Problem requirements:
Write out the listing verbatim. No pictures belong in it.

Information provided:

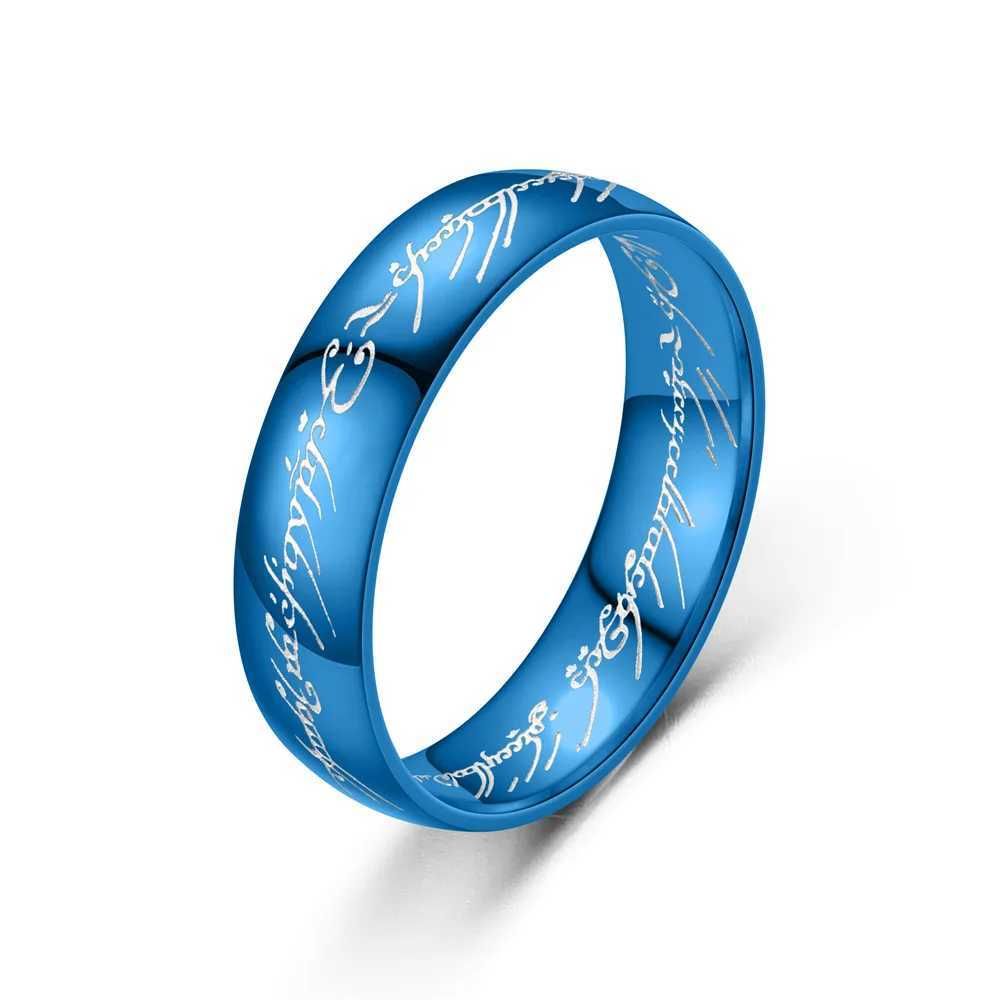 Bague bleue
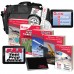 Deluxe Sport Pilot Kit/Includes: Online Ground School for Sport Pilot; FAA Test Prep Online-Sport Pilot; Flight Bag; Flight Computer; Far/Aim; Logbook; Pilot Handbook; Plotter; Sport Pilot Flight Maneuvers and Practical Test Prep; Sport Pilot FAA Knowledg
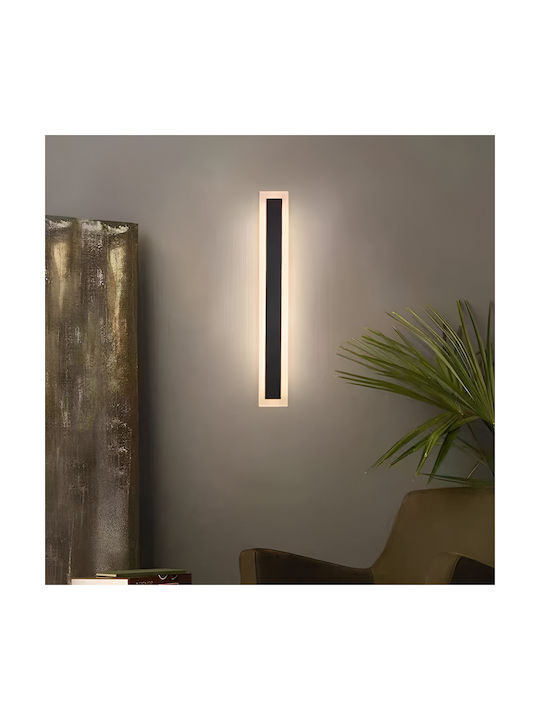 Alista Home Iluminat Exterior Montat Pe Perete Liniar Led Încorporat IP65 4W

Expected answer:
 Bague bleue
 Deluxe Sport Pilot Kit/Includes: Online Ground School for Sport Pilot; FAA Test Prep Online-Sport Pilot; Flight Bag; Flight Computer; Far/Aim; Logbook; Pilot Handbook; Plotter; Sport Pilot Flight Maneuvers and Practical Test Prep; Sport Pilot FAA Knowledg
 Alista Home Iluminat Exterior Montat Pe Perete Liniar Led Încorporat IP65 4W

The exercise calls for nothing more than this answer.